As there is much, much more in this vein coming, I offer you 10 truths that ought to be self-evident.

  • A religion is not a race. Sometimes, not always, it is a system of violent beliefs that claims the right to subjugate others – most notably its 'own' coerced adherents.
  • Undoubtedly there are white racists and Hindu nationalists who treat religion as a race and hate Muslims because they are Muslims. Their existence ought to present no problem to principled people, who should fight, criticise and satirise them with the same force and for the same reasons they fight religious obscurantism.
  • Criticism of religion – including bawdy irreverent criticism— is a defence against oppressive power.
  • In our time, the most oppressive religious movements are variants on radical Islam. That may change.
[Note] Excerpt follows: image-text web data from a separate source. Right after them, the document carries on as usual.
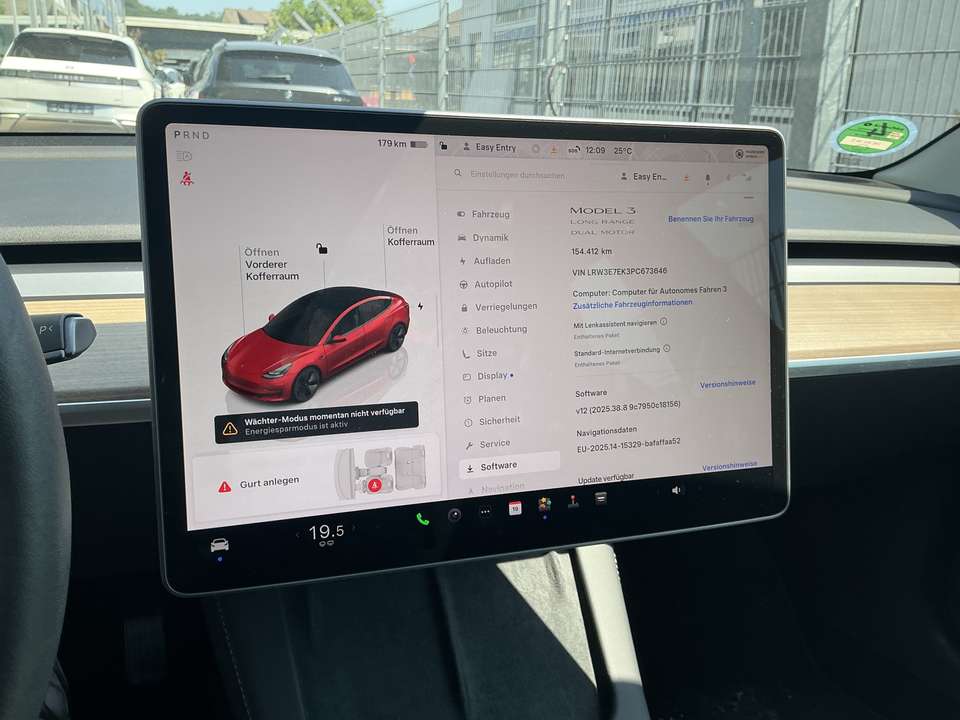 Tesla Model 3 - Imagem 13
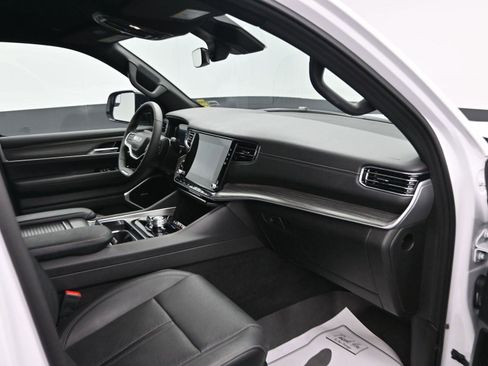 Used 2024 Jeep Wagoneer Series II image 10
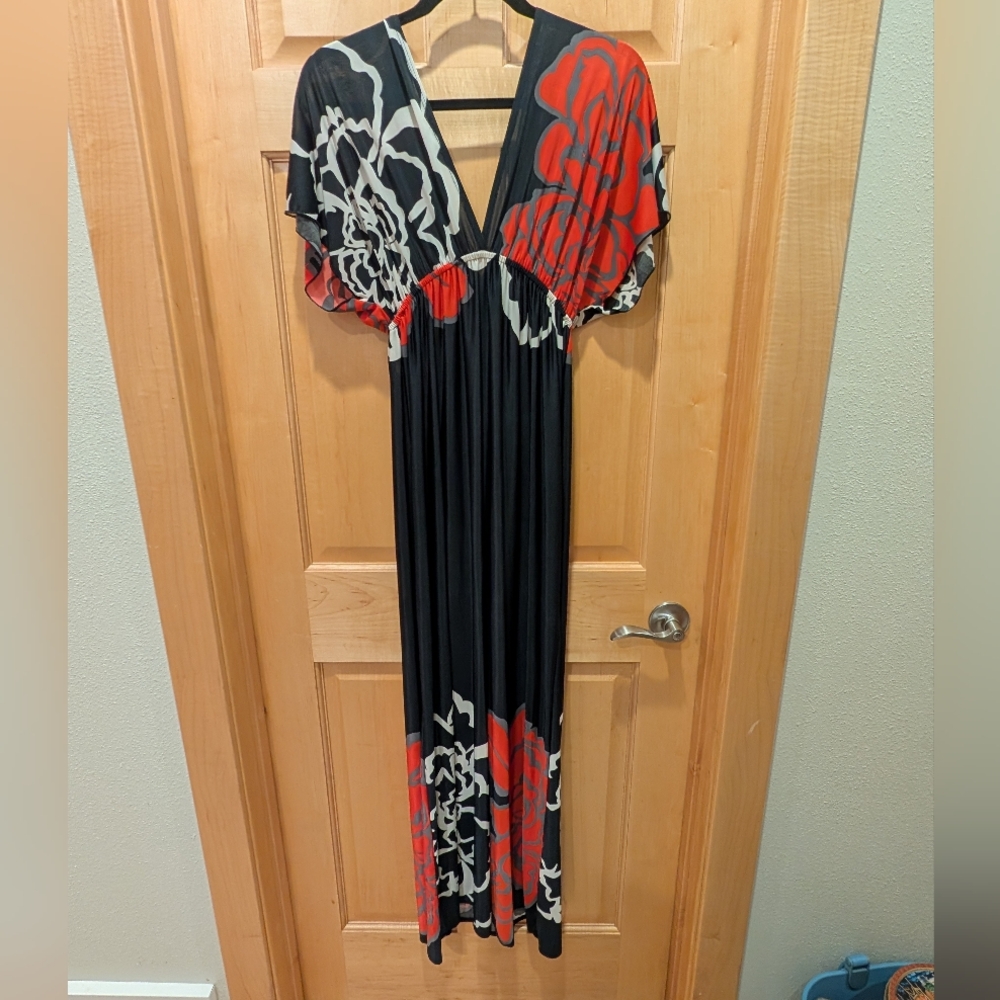 Chic Black and Red Floral Maxi Dress - Picture 5 of 5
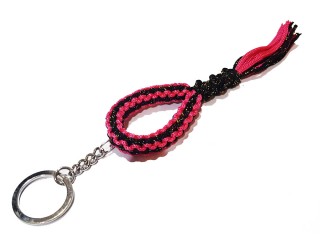 Kanong Mongkol Muay Thai keychain : Black/Pink
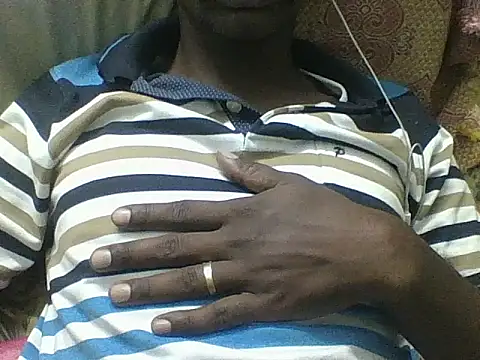 Snapshot of bas1cooks chatting on 10.28.25 bas1cooks online show from 10.28.25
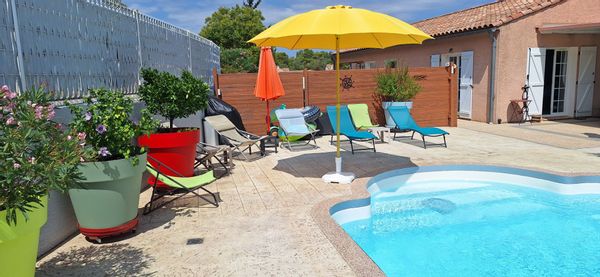 Grande maison avec piscine au calme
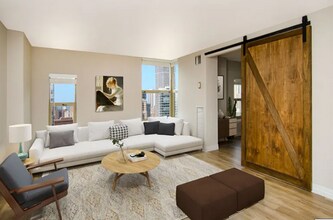 100 W Chestnut St in Chicago, IL - Building Photo - Building Photo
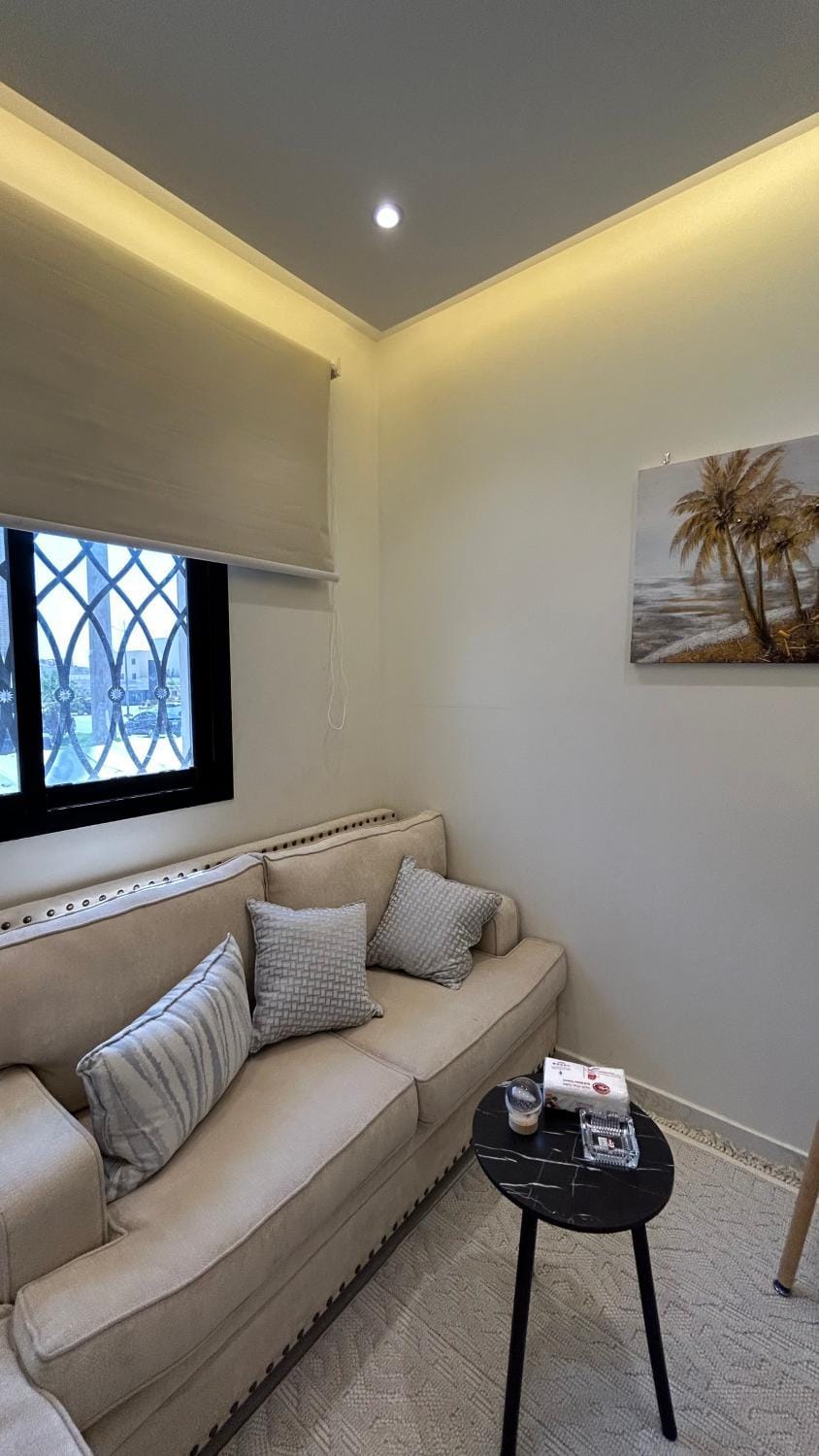 Modern & Close to Airport Apartment مسكن عصري بالقرب من المطار غرفة و صالة Apartment in Riyadh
You only have to look at Hindu fundamentalism in India or anti-Muslim Buddhist fundamentalism in Burma to see how. But for the present we must fight the enemies in front of us. What other choice do we have?
  • It is not 'Islamophobic' to satirise radical Islamists and their beliefs – the main targets of radical Islamists include other Muslims as well as Christians, Jews, Yazidis and secularists.
  • Even if in your confused liberal mind you think that it is, no one has the right to stop satire or criticism because they are offended.
  • No one has the right to kill those who offend them.
  • If they claim that right, they are the most deserving targets of satire and criticism imaginable.
  • And if you do not then satirise and criticise them because you are frightened of ending up like Charlie Hebdo’s dead journalists, or of taking a whipping in a PC backlash, how can you in conscience satirise left or right wing politicians you despise, or the evangelical Christians, Jewish fundamentalists, Catholic reactionaries, Russian orthodox Putinists you deplore?
  • Are you not saying, if only when you are by yourself and think no one is listening: 'I will only take on targets that won’t kill me, but steer clear of those who just might?'
  • PS Financial Times journalists have contacted me to point out that the comment piece on Charlie Hebdo represented the view of the Financial Times' Europe Editor, not the all of the editors at the Financial Times. I have changed my post to make that clear. One cannot be too careful these days, after all.